City leaders cut the ribbon on a new $14 million community center at Bedford-Stuyvesant’s Marcy Houses on Nov. 6, giving residents of the public housing complex a safe space to gather after 20 years without one.
“I’m really choked up about the idea that we are reinvesting in our community, and really sending a message to our young people that you are valued,” said Bedford-Stuyvesant Councilman Robert Cornegy. “When I talk to young people every day, the one thing they say to me every day no matter how they say it is they don’t feel valued.”
Completed after nearly two years of construction, the 3,200 square foot space at Marcy Avenue and Walton Street will house a pair of offices, two activity rooms, four bathrooms, and a community kitchen, which will allow for vital programs and services to foster the wellbeing of over 4,000 Marcy residents, said Mayor Bill de Blasio.
“What you see behind me is part of the rebirth of New York City,” de Blasio said outside the center on Friday. “You see rebirth coming to life!”
Funded partially with a $8.9 million grant from Cornegy, a $4.6 million allocation from the mayor, and a $1,050,000 allotment from Borough President Eric Adams, the new center — which was built atop an old Police Service Area and two former apartments — also comes equipped with new safety measures, fire systems, and internet hotspots.
Nonprofit Grand St.

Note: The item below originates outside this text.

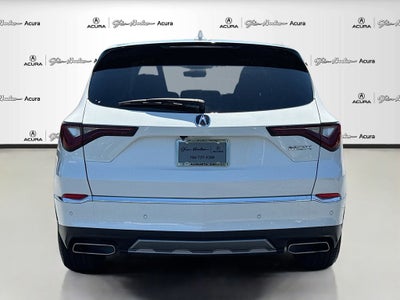 2026 Acura MDX Technology Package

Settlement will help run programs like school tutoring, workforce training, and health training DYCD Cornerstone program that serve at-risk communities around the city.
“It is clear during these times of social and economic challenges that there is a great need for high-quality youth and family programming in Brooklyn,” said the organization’s head, Robert Cordero.

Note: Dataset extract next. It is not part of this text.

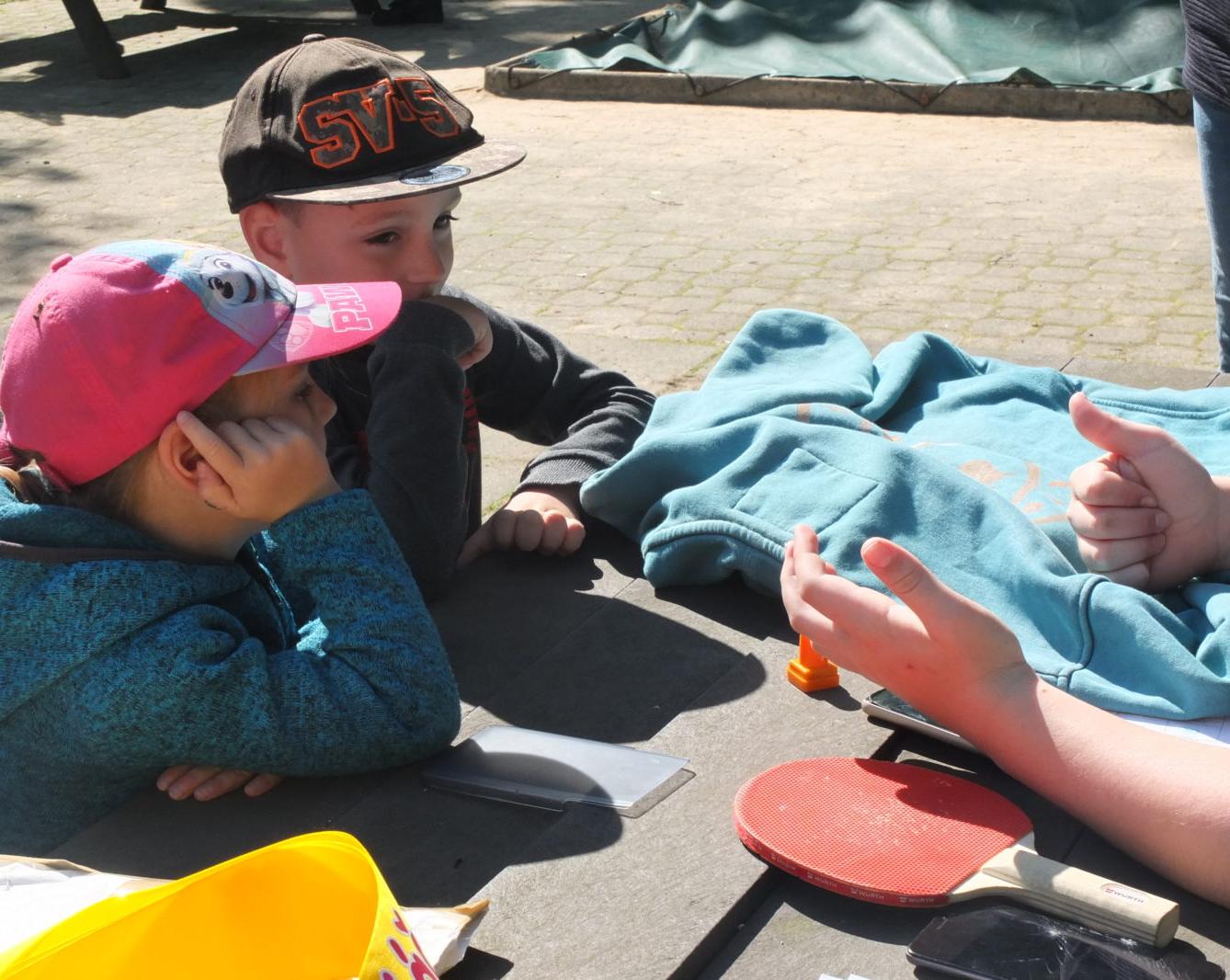 Hry s deváťáky - 17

Comedian Tracy Morgan, a former resident of the nearby Tompkins Houses, became emotional at the Friday afternoon ribbon-cutting, saying the center would provide youth with a much-needed outlet to become successful members of society.
“I had people to talk to when I was feeling a certain way, that’s why I’m where I’m at now,” Morgan said after showing up to the event unannounced in a Rolls Royce. “When young people don’t have that, that’s why they end up pregnant at 16, or doing 25-to-life, they didn’t have nobody to talk to, they succumbed to the pressures of it.”

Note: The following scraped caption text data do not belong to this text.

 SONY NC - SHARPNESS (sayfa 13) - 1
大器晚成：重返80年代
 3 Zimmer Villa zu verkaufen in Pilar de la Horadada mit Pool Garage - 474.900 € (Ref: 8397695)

The opening of the new space also marked a personal journey for City Hall staffer Tahirah Moore, who grew up in the Marcy Houses and played a key role in seeing the project to its completion.
“When I was younger the community centers that we had were closed, and that’s when I felt my first pang of injustice,” Moore said. “To become an adult and play a role in getting it back is a prayer answered.”